E io questa frase fatta oggi l'ho pensata (o sottintesa o evocata interiormente, fra me e me, in silenzio) almeno un paio di volte, oggi, mentre riandavo con la mente alla serie straordinaria di cose che (mi) sono capitate e di cui io sono venuto a conoscenza (senza volerlo, senza andarmele a cercare, le notizie su queste cose "sconvolgenti", senza farlo apposta, semplicemente perché mi sono trovato nel ruolo del testimone al momento "giusto" nel posto "giusto" – ma si potrebbe sostituire "sbagliato" al posto di "giusto" e la frase non cambierebbe poi così tanto di significato, essendo la "giustezza" o la "sbagliataggine" dei momenti e dei posti elementi del tutto arbitrari e relativi).

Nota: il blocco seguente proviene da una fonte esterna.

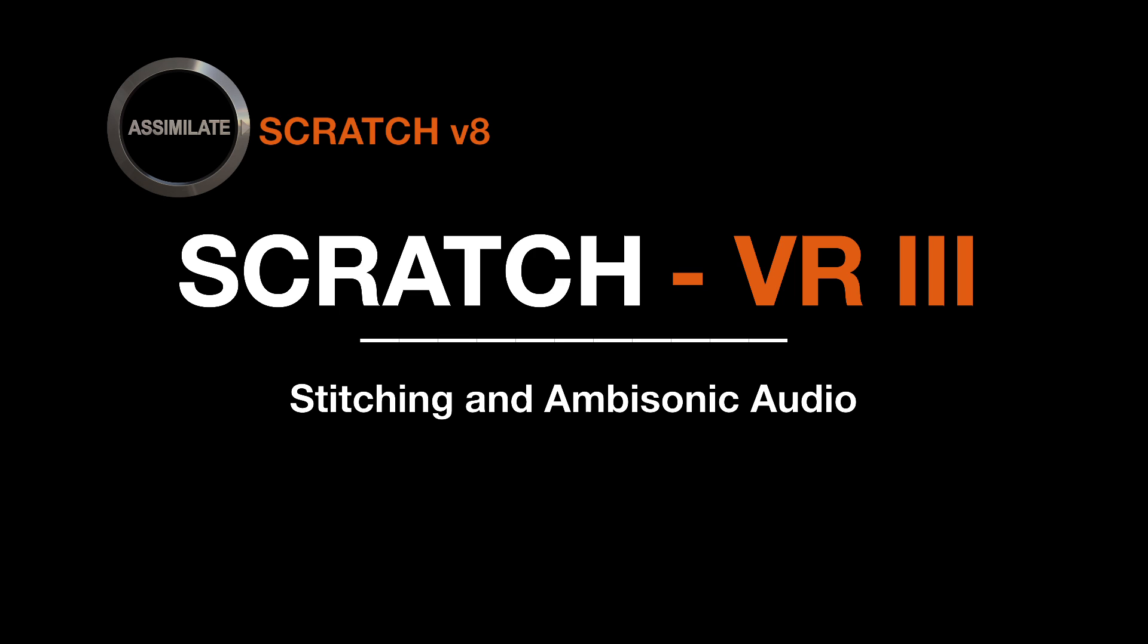Hi there. Welcome to part 3 of our VR tutorial series. In this tutorial we are going over our latest Scratch 8.6 VR features, stitching and ambisonic audio.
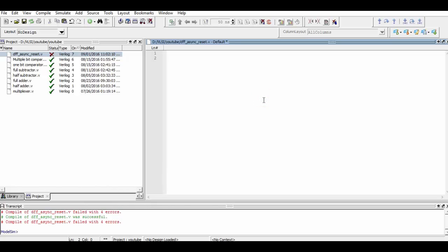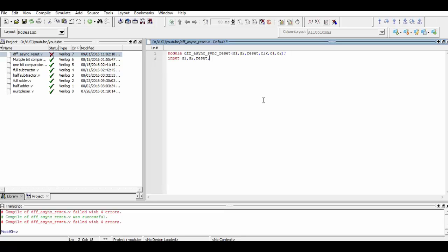We begin our program by defining a module named DFF Asynchronous and Synchronous Reset. And within that, we define the inputs that are required by us. These are D1, D2, Reset, Output 1, and Output 2 along with the clock. D1 and D2 are two inputs to show you how the asynchronous and synchronous operation will work over the reset. Now we define which of the given ports are input and which are output.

E dunque, dicevo, ho pensato "così è la vita" in queste circostanze:

a) un'amica e collega di lavoro che – a pausa pranzo e all'improvviso – scoppia a piangere e ti confessa che suo marito l'ha lasciata, dopo appena 4 mesi di matrimonio (e dopo 10 di findanzamento ufficiale);

b) un'amica intima che – dopo vari tentennamenti e ripensamenti – si decide a dire tutta la verità, in macchina, dopo aver preso un caffè insieme: lei è incinta (da almeno 3 settimane) e suo marito ha perso il lavoro (così, di colpo, due notizie bomba una dietro l'altra, senza avere nemmeno il tempo di reagire come si deve, o di pensare bene a ciò che hai appena ascoltato: gravidanza + perdita del lavoro);

c)              un alunno che si avvicina con passo felino e ti sorride sornione per chiederti di correggere "con cariño" (traducibile in italiano con l'espressione "con amorevolezza") il suo esame scritto ("per favore, prof, è la seconda volta che mi presento, non ci sono più appelli disponibili fino a Settembre, suvvia, prof, sia buono");

d) un'amica non poi così tanto intima che mi confessa sul bus del ritorno (a casa) che si sente sola, qui, in questa città che è nuova, per lei, così come lo deve essere per me (ma ancora non sa che sono felicemente fidanzato e che non vivo o non percepisco la mia vita in questa città nuova così come la percepisce o la vive lei, e cioè, con un leggero stato di angoscia sopita o di solitudine incipiente a tratti insopportabile);

e) la segretaria del dipartimento che mi porge gentilmente il contratto sulla scrivania e mi suggerisce con voce flautata di porgere la mia firma in calce (la stessa segretaria arrossirà nel momento stesso in cui mi accorgerò che quel contratto è sbagliato e va rifatto perché lì risulto "laureato", quando invece sono "dottore di ricerca" – e ci ho sudato mesi per farmi riconoscere il titolo di "dottore di ricerca", prima di avere l'ok da parte di quelli dei piani alti –; la segretaria mi chiede di farle vedere bene, poi arrossisce, poi chiede scusa e, infine, scompare dal mio ufficio con la coda tra le gambe e lasciando dietro di sé una scia di fotocopie di contratti di altri colleghi);

f) un ragazzo che fa la pipì nel parcheggio dei prof., dietro un furgoncino di venditori ambulanti; uno dei venditori, evidentemente, lo sente, dall'interno, e inizia a sbraitargli contro (il ragazzo, spaventato, se la da a gambe levate);

g) una coppia di studenti che si bacia davanti a un prete che li guarda scandalizzato e anche alquanto schifato;

h) una studentessa che arrossisce quando mi vede avvicinarmi al suo banco (è quella che mi dedicava sulla lavagna strambe frasi d'amore tratte da alcune canzoni sdolcinate di Eros Ramazzotti e Laura Pausini – due veri miti, qui in Spagna, ahinoi) e io ne approfitto e mi avvicino ancora di più al suo banco e le chiedo: "Sicura che qui ci vuole questa risposta?", e la ragazza arrossisce ancora di più, e io le dico: "Stavo scherzando; vai avanti".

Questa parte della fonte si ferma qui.